*EXERCISE*: From the top of the records below, return each line exactly, ending with the line that contains "圣莫尔路斯vs尼姆比分预测【2025/11/23】".

*TASK DATA*:
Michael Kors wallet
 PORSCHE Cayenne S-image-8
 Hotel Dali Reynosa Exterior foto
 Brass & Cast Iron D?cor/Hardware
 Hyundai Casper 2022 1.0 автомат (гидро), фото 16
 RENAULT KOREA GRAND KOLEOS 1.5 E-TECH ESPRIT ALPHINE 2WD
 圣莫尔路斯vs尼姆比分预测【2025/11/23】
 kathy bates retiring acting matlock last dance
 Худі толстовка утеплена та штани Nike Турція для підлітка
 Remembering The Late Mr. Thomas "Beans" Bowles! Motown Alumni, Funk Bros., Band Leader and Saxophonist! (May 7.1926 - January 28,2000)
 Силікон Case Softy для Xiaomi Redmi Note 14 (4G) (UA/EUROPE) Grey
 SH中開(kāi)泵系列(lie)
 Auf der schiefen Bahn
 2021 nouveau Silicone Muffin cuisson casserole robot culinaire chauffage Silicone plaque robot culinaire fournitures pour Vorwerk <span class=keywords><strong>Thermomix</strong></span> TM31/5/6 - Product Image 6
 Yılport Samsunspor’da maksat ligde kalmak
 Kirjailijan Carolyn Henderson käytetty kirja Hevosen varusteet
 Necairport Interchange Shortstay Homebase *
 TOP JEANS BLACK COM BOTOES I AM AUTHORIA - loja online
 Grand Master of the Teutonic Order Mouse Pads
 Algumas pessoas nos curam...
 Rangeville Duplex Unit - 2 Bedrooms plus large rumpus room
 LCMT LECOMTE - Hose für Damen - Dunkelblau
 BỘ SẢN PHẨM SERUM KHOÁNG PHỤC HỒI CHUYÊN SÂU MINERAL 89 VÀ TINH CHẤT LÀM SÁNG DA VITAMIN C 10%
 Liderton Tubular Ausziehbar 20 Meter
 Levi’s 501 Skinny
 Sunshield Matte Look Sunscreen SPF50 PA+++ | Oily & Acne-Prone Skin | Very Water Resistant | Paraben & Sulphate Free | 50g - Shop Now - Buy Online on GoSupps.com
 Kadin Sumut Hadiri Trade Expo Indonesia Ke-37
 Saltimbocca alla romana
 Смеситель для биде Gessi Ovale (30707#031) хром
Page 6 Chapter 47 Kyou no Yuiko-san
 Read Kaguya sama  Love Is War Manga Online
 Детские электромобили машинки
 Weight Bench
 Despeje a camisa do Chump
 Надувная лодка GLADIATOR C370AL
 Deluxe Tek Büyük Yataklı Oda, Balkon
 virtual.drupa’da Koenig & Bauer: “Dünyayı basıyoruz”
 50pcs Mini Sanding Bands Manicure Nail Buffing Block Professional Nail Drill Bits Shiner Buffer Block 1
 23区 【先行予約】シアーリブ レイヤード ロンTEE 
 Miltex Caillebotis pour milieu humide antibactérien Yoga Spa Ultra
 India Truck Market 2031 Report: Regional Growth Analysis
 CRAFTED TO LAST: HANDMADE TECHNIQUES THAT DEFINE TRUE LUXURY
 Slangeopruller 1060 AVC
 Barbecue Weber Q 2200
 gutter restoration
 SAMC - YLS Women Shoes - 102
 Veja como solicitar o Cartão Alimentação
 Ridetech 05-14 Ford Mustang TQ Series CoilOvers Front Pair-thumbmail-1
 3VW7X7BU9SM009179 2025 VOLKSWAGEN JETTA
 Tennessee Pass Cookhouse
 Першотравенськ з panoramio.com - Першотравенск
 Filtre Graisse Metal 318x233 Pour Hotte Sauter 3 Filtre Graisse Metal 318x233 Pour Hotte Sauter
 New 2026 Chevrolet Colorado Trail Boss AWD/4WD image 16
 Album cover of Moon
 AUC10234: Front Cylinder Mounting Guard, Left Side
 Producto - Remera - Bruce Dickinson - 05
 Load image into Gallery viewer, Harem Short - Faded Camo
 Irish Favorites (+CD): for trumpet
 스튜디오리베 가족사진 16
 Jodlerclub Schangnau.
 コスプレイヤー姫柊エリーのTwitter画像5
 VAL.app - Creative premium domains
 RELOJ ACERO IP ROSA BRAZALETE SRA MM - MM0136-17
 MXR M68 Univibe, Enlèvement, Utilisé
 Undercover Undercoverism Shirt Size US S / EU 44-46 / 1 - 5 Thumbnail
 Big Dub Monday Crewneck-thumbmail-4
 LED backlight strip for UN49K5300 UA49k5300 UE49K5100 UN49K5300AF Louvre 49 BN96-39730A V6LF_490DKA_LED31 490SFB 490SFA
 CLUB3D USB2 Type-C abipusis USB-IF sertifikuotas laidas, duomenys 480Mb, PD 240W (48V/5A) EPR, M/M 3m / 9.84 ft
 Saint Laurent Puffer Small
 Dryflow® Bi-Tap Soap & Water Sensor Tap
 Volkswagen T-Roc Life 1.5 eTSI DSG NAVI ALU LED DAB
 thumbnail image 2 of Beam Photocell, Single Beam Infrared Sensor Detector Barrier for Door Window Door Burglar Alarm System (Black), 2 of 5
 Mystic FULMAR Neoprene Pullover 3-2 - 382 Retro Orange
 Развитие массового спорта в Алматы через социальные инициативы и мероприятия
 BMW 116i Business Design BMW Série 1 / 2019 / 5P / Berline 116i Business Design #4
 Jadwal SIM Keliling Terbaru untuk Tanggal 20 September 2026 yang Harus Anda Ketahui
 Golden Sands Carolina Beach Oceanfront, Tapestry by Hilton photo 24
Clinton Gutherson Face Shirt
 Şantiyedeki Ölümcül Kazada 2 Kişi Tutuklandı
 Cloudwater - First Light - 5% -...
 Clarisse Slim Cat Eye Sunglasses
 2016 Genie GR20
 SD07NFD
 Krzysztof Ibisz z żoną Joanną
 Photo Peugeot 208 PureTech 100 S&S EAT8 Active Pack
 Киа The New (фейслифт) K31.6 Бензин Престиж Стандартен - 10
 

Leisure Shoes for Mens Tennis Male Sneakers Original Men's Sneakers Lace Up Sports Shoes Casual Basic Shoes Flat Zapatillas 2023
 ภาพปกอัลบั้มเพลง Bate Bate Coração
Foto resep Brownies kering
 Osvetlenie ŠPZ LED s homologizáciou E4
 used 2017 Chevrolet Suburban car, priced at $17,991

*TASK RESPONSE*:
Michael Kors wallet
 PORSCHE Cayenne S-image-8
 Hotel Dali Reynosa Exterior foto
 Brass & Cast Iron D?cor/Hardware
 Hyundai Casper 2022 1.0 автомат (гидро), фото 16
 RENAULT KOREA GRAND KOLEOS 1.5 E-TECH ESPRIT ALPHINE 2WD
 圣莫尔路斯vs尼姆比分预测【2025/11/23】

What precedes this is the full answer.